Cache an LLM call in three lines: the Python SDK

The Python SDK wraps the semantic cache in an ergonomic client — get-or-compute, streaming, tenants, models. Here's the three-line version and the production version.

The fastest way to feel the savings is the get-or-compute pattern: ask the cache first, and only call the model on a miss — banking the result for every future paraphrase. The Python SDK makes it three lines around your existing model call.

the three-line version
from crowkis import CrowkisClient

cache = CrowkisClient(host="127.0.0.1", port=6379, tenant="demo", model="gpt-4o")

answer = cache.get_or_compute(
    "Explain vector caches in one paragraph",
    compute=lambda: call_your_model(prompt),  # only runs on a miss
)

On the first call, `compute` runs and the answer is stored with the full anti-poisoning pipeline. On every semantically similar call after, the cache returns the stored answer in well under a millisecond — no model call, no token cost.

the production version — explicit set/get with confidence
# store, with a TTL and the model that produced it
cache.cset("Explain vector caches", answer, ttl=3600)

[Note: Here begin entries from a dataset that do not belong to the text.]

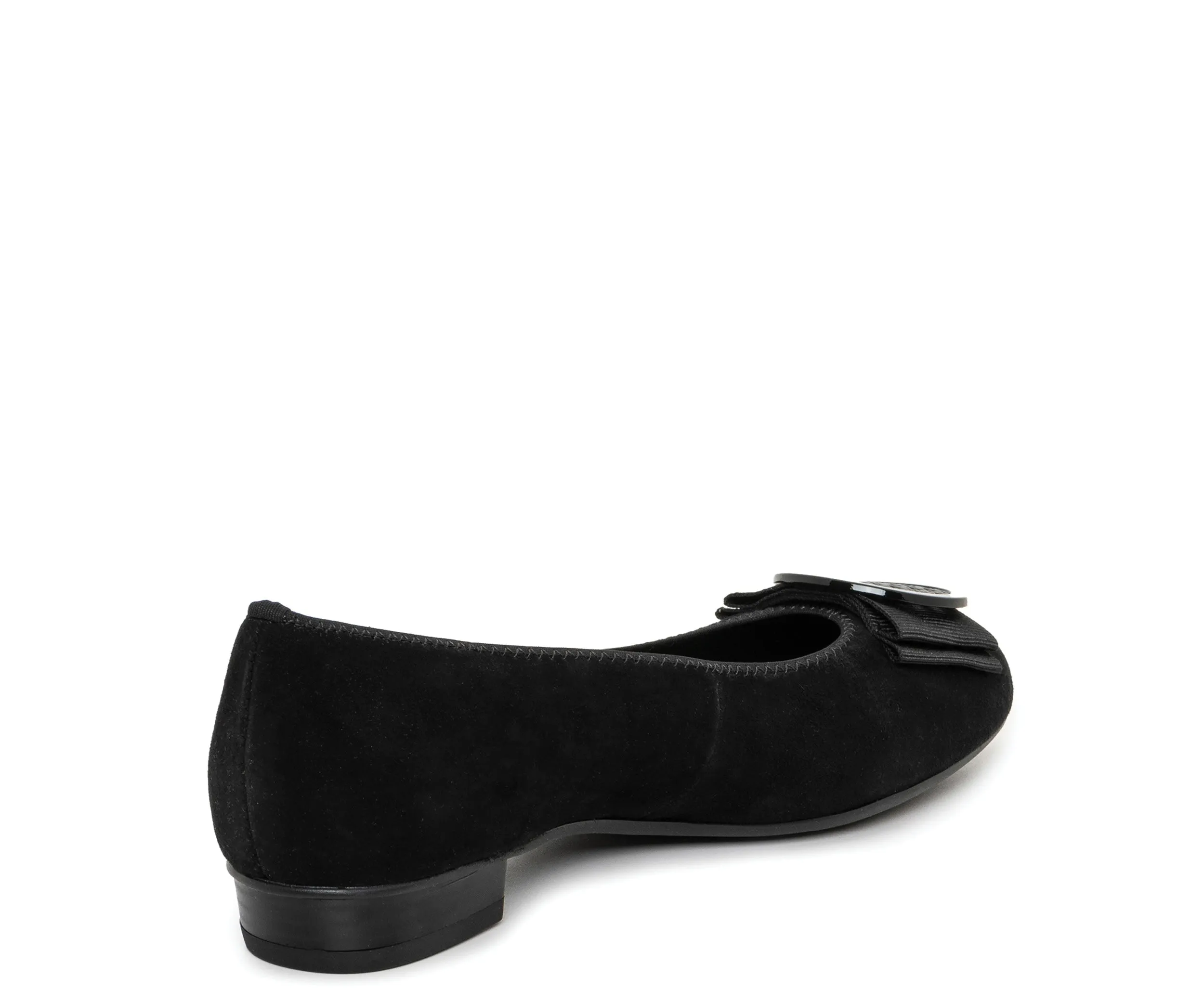 Bambi Women's Ornament Ballet Flat - Black 81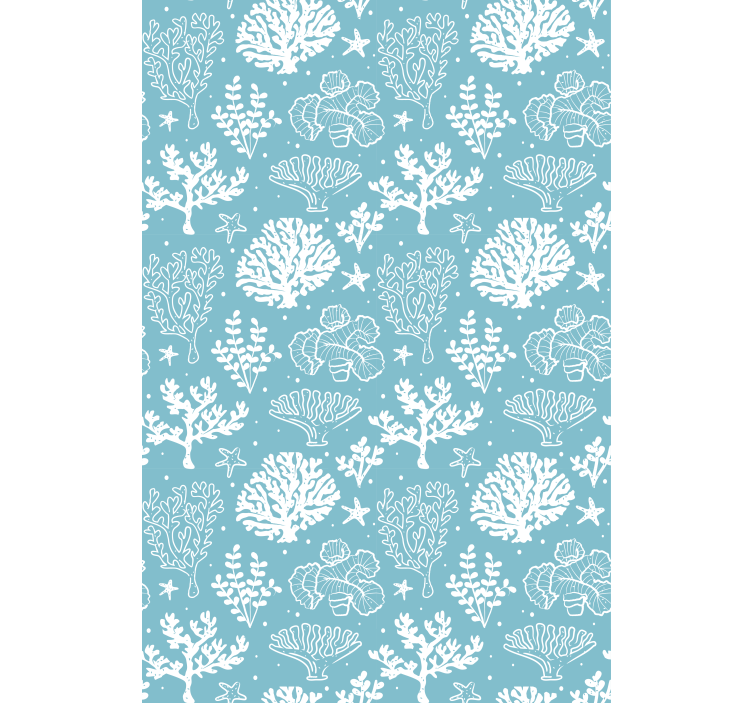 Coral Reef Silhouettes blind flowers - TenStickers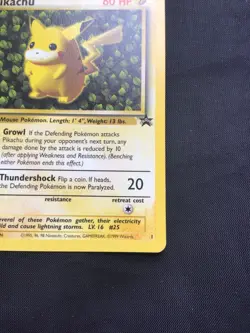 Pokemon Cards: Wizards Black Star Promo: Pikachu 1 - Image 4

# read, gated on confidence — fall back to the model if unsure
hit = cache.cget("what is a semantic cache?", with_confidence=True)
if hit and hit.confidence >= 0.88:
    return hit.value
return call_your_model(prompt)

cache.close()
In plain words: Ask the cache first; only pay the model on a real miss. The second time anyone asks the same thing — even worded differently — it's free and instant.

Install is `pip install crowkis` (or `pip install ./sdk/python` from the repo). The client is sync or async, supports per-call `tenant` and `model` overrides for isolation and accounting, and exposes the streaming helpers so a cached answer can be typed out like a live one.